Energetic Neutral Atom (ENA) imaging is a technology used to create global images of otherwise invisible phenomena in the magnetospheres of planets and throughout the heliosphere.[1]
Charged particles— protons, electrons, and various nuclei— emitted from solar wind are the basis of the interstellar medium. These charged particles have the ability to be redirected by magnetic fields such as the magnetic field surrounding the Earth. Occasionally charged particles within the plasma of the solar wind will collide with neutral atoms. This collision results in the previously charged particle becoming a neutrally charged atom. Due to the loss of charge, the atom no longer experiences magnetic attraction while maintaining its gravitational attraction and velocity. These atoms are Energetic Neutral Atoms and the detection of these atoms can be reconstructed to build ENA images.[2]
Earth's magnetosphere preserves its atmosphere and protects life on Earth from cell-damaging radiation. This region of "space weather" is the site of geomagnetic storms that disrupt communications systems and pose radiation hazards to humans traveling in airplanes (at high altitude and latitude) or in orbiting spacecraft. Geomagnetic weather systems have been late to benefit from the satellite imagery taken for granted in weather forecasting and space physics because their origins in magnetospheric plasma frequency present the added problem of invisibility.[1]
The heliosphere shields the Solar System from the majority of cosmic rays, but is so remote that only an imaging technique such as ENA imaging will reveal its properties. The heliosphere's structure is due to the interaction between the solar wind and cold gas from the local interstellar medium.[2]
The creation of ENAs by space plasma was predicted, but their discovery was both deliberate and serendipitous. While some early efforts were made at detection, their signatures also explained inconsistent findings by ion detectors in regions of expected low-ion populations. Ion detectors were co-opted for further ENA detection experiments in other low-ion regions.[2] However, the development of dedicated ENA detectors entailed overcoming significant obstacles in both skepticism and technology.[1][3]

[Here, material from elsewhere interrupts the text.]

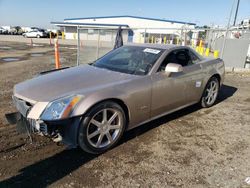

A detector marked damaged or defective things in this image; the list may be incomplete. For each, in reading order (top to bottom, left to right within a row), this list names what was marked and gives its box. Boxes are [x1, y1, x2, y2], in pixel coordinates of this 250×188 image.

damaged front bumper [5, 96, 80, 148]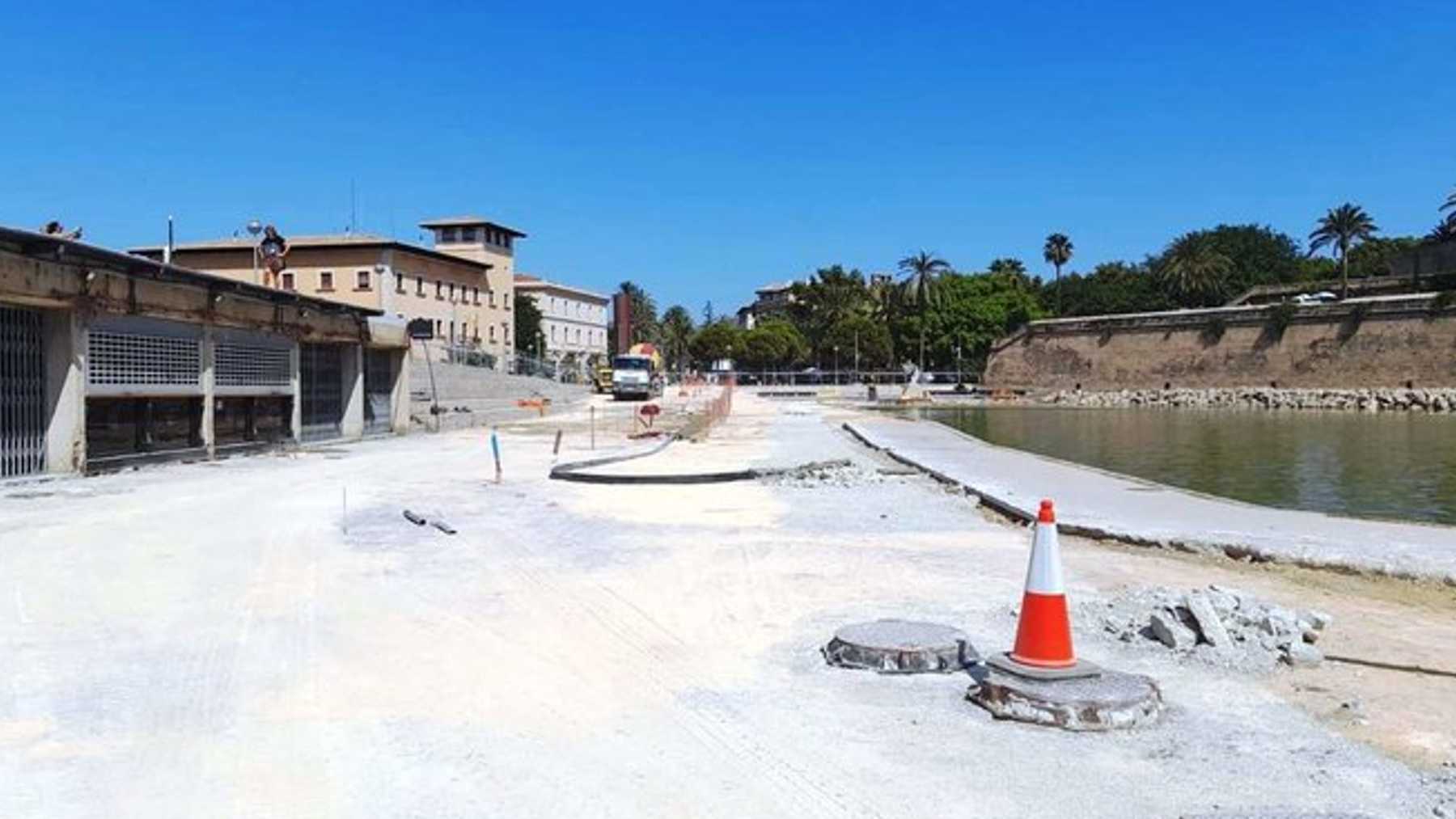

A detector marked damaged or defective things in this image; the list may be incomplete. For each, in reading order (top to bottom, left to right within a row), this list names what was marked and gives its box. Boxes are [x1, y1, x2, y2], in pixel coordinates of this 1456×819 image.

Although ENAs were observed in space from the 1960s through the 1980s,[2] the first dedicated ENA camera was not flown until 1995 on the Swedish Astrid-1 satellite,[4] to study Earth's magnetosphere wind.
Today, dedicated ENA instruments have provided detailed magnetospheric images from Venus, Mars, Jupiter, and Saturn. Cassini's ENA images of Saturn revealed a unique magnetosphere with complex interactions that have yet to be fully explained.[1] The IMAGE mission's three dedicated ENA cameras observed Earth's magnetosphere from 2000–2005[5] while the TWINS Mission, launched in 2008, provides stereo ENA imaging of Earth's magnetosphere using simultaneous imaging from two satellites.[6]
The first ever images of the heliosphere boundary, published in October 2009, were made by the ENA instruments aboard the IBEX and Cassini spacecraft, and challenge existing theories about the heliosphere region.[5][7]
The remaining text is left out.